Listen up same sex couples!  Not only am I an Authorised Civil Celebrant, but I’m now a Civil Partnership Notary also.  This means that I can perform a Civil Partnership Ceremony, and your relationship can be registered with Births, Deaths, and Marriages (BDM) in Queensland.

Here is a little explanation, from BDM of what this all means:

A civil partnership may be entered into by couples, regardless of sex. Sections 4 and 5 of the Act state that any two adults (aged 18 years or over) may enter into a civil partnership provided:

  • at least one partner lives in Queensland
  • either party is not married to another person
  • either party is not already in a civil partnership in Queensland or a relationship registered under the following Acts (that is taken to be a Queensland civil partnership):
    • 1. Relationships Register Act 2010 (NSW)
    • 2. Relationships Act 2008 (Vic)
    • 3. Relationships Act 2003 (Tas); and
    • 4. Domestic Relationships Act 1994 (ACT).
  • they are not in a prohibited relationship with their proposed civil partner (i.e. parent, grandparent, sibling, half-sibling).
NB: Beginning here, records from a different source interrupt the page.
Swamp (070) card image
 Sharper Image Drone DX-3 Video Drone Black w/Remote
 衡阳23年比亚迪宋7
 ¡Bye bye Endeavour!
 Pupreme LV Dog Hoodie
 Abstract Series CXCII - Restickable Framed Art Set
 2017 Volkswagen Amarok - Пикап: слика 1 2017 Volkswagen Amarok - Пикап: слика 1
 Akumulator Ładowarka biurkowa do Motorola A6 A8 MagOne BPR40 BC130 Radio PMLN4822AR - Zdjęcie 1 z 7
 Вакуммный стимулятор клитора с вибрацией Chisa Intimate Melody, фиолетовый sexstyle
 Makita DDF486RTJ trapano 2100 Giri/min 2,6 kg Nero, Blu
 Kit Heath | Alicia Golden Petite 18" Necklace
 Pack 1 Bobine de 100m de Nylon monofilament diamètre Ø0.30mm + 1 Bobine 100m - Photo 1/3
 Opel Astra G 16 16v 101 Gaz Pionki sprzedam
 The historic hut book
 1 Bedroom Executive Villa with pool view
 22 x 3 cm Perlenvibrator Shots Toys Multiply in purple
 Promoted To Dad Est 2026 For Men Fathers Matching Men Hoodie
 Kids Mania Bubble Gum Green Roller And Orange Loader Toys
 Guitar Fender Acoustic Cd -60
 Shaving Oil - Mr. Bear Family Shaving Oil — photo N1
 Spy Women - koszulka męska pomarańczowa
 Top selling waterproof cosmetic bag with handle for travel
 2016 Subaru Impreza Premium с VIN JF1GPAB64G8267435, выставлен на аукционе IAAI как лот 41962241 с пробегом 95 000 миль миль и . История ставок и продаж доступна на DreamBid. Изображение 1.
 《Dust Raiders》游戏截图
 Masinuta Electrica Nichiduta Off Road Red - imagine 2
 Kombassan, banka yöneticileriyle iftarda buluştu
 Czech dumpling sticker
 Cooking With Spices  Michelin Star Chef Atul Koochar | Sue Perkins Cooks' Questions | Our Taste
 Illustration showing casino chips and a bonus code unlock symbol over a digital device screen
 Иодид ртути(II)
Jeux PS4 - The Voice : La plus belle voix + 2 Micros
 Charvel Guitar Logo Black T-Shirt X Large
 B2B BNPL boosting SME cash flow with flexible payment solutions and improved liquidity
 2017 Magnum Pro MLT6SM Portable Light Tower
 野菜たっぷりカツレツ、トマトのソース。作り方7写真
There are two ways to enter a civil partnership. A couple can apply to BDM to register a civil partnership by submitting Form 15 – Application to register a civil partnership, or alternatively, the couple may hold a civil partnership declaration ceremony (officiated by a CPN), and have their relationship registered as a civil partnership, by submitting Form 18a – Notice of intention to enter into a civil partnership.

The bold wording is where I come in.  I’m can officiate a declaration ceremony because I’m a Civil Partnership Notary (CPN).

The other really exciting part is this, and one step further in the right directions is:

An official standard civil partnership certificate is a legally recognised document. This can be helpful in terms of proving a relationship to satisfy a range of laws, for example, in relation to superannuation, tax and government assistance.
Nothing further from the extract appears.